Spock’s Beard are an American progressive/symphonic rock band who, in many ways symbolise the ethos of what Prog rock is all about. The ethos of Spock’s Beard has always been about moving forward and attempting to do something different. That they can still do this despite the loss of the stellar talented prog legend Neil Morse says something about the band.
On this their thirteenth studio album, a two-CD set, original members Alan Morse, Ryo Okomoto, Dave Merros and Ted Leonard are rejoined on drums by original drummer Nick D’Virgilio, who left in 2011, and the band have embraced the challenge of keeping themselves moving forward with new approaches to their music. They claim “we’ve always been about evolution rather than revolution, but what we’ve done this time is to make the songs more melodic”. The songs on the album are catchy, with a few memorable hooks, a little more accessible but they still include the prog touches Spock’s Beard are renowned for. Ryo says “we still love our crazy prog but now we appreciate how important it is to grab peoples attention early on”.
The first disc opens with ‘To Breathe Another Day’, a somewhat more rockier tune than the band are usually associated with, but the pace slows somewhat as the album progresses, and the quirkiness associated with Spock’s beard is manifest on ‘Somebody’s Home’, which features a viola and violins added to the mix, plus a blistering guitar break from Alan Morse.
The band are known for their occasional epic tracks, and ‘Have We all gone crazy yet?’ comes close to being one and, at eight minutes, the longest track on the album. This track is certain to be a monster onstage. However, for me, ‘One So Wise’ is the standout track, with some great playing from the band. They even include an instrumental track, ‘Box of Spiders’, which is the kind of complex music bands like Rush have previously attempted.
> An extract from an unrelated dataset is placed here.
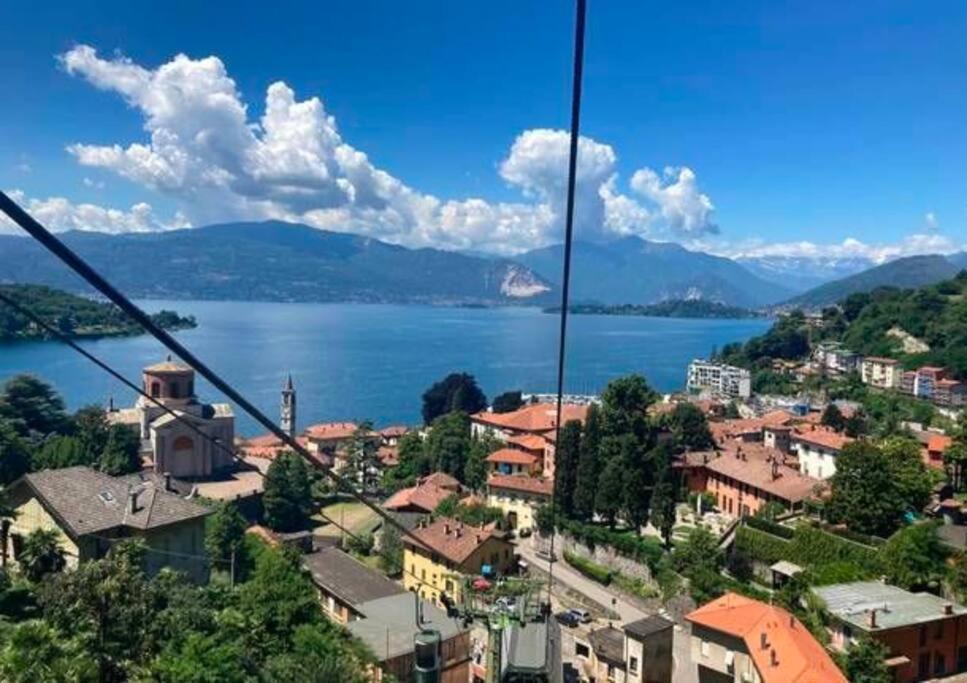 Lago Maggiore, Leggiuno, Ampio Appartamento Eksteriør billede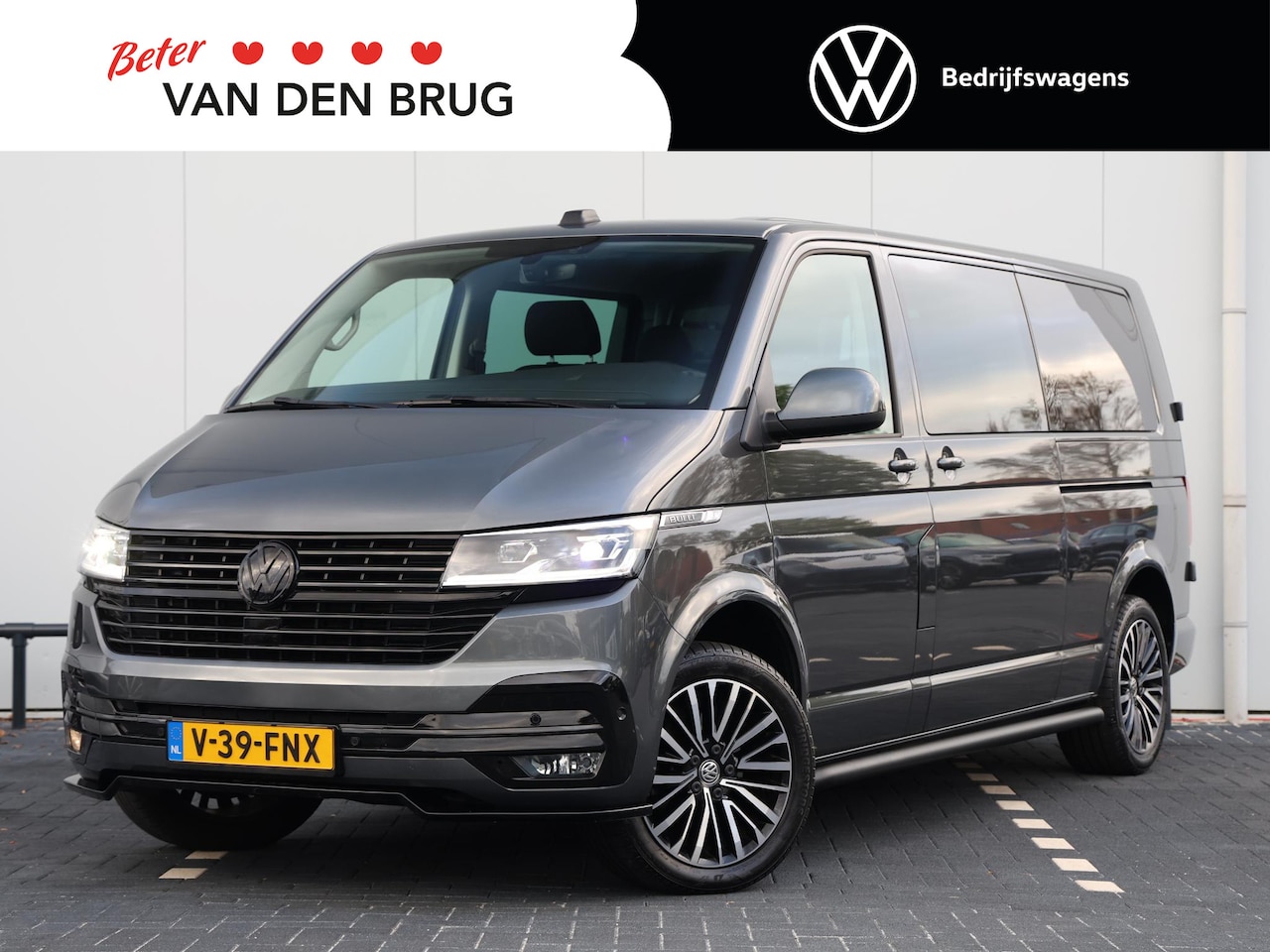 Volkswagen Transporter - 2.0 TDI 150 pk DSG DC Bulli | Dubbele cabine | Dubbel Schuifdeur | Navigatie | ACC | App - AutoWereld.nl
How is it, despite the sheer skill of every player in the band, members of Spock’s Beard never figure in the lists of top prog musicians?
There’s a second disc comprising four tracks from the cutting room floor, and they’re quite short tracks, also including another instrumental, ‘Armageddon’, and for the most part they’re more commercially oriented than the tracks on the first CD.
Alongside Dream Theatre and Steven Wilson, Spock’s Beard are absolutely entitled to claim some of the credit for the resurgence of Prog rock in the past decade, with all such bands being unafraid to move away from their comfort zones and attempt something different, surely what good prog is all about.